La question de la contrainte à exercer sur un laboratoire qui envisagerait d’arrêter la commercialisation d’un produit mature et à faible prix a été au cœur des discussions de la commission d’enquête sur la pénurie de médicaments.

N’oublions pas que, depuis vingt-cinq ans, les prix des médicaments ne cessent de baisser et qu’ils sont la variable d’ajustement des lois de financement de la sécurité sociale à chaque fois qu’il s’agit de trouver un moyen pour la sécurité sociale de réaliser des économies ! Aujourd’hui, ces baisses de prix se font au fil de l’eau : toutes les semaines, des décisions en ce sens sont prises, soit de façon unilatérale par le CEPS, soit en accord avec le laboratoire.

C’est le résultat du choix que nous avons fait de permettre à nos concitoyens d’avoir accès à des médicaments innovants, dont les prix sont très élevés.
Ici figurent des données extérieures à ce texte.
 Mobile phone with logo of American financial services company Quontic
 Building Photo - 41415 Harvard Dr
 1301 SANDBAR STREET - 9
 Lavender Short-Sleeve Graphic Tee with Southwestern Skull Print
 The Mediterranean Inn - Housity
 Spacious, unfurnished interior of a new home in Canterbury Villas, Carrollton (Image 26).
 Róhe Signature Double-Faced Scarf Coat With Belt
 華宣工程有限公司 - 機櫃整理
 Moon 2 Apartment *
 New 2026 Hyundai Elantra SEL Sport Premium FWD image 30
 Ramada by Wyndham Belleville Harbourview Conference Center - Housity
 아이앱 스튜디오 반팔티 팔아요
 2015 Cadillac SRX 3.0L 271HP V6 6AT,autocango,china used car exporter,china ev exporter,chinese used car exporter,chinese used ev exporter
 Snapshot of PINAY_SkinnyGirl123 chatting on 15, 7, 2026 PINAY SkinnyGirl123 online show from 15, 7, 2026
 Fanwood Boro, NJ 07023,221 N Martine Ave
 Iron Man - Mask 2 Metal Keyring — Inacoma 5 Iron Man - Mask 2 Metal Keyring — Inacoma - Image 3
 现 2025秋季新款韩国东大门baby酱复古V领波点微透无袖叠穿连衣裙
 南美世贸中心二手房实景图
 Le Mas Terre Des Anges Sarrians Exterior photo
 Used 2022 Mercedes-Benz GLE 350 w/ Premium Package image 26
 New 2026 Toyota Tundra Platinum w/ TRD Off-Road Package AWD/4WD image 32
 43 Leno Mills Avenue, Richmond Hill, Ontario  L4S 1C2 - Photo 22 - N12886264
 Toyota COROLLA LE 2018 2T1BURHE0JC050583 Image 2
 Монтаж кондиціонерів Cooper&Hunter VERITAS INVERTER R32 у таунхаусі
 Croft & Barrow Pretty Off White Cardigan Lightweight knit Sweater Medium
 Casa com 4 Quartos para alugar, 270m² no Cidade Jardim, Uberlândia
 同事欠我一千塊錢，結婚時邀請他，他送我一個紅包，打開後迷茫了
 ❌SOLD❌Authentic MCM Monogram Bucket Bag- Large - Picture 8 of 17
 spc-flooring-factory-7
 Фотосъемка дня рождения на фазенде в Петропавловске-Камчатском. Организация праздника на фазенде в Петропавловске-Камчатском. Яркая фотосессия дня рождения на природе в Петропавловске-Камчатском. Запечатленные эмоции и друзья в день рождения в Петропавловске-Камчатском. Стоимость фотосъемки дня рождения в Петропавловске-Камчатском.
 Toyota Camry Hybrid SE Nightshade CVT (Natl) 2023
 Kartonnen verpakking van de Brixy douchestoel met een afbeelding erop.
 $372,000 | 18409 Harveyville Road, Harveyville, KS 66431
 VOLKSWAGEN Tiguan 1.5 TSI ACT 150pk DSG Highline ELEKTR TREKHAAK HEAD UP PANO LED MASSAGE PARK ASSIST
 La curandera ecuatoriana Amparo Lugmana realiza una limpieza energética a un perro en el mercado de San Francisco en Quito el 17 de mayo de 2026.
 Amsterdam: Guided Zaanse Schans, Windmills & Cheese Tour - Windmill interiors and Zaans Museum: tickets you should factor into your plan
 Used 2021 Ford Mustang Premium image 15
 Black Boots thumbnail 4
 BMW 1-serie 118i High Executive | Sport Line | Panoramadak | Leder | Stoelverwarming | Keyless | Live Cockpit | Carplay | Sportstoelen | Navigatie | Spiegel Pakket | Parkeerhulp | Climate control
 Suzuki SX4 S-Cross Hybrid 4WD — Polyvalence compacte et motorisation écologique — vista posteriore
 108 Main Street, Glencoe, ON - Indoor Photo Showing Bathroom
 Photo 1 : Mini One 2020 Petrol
Cela fait d’ailleurs l’objet de discussions et présente à la fois des avantages et des inconvénients : accès précoce, prix acceptés avant d’être révisés à la baisse. Cela permet aux patients, lorsqu’il n’y a pas d’alternative thérapeutique, d’avoir une solution, en tout cas un espoir de stabilisation de la maladie, voire de guérison – et c’est tant mieux.

Je le répète, cela relève d’un choix.

Lors de la commission d’enquête, j’ai interrogé le représentant d’un laboratoire afin de savoir si son laboratoire était en train d’acheter un corticoïde, la Prednisone, parce que nous avions appris que ce produit était fabriqué en région parisienne. Il a été incapable de me répondre ! Voilà qui montre bien que les reprises ne font pas partie des préoccupations des industries pharmaceutiques.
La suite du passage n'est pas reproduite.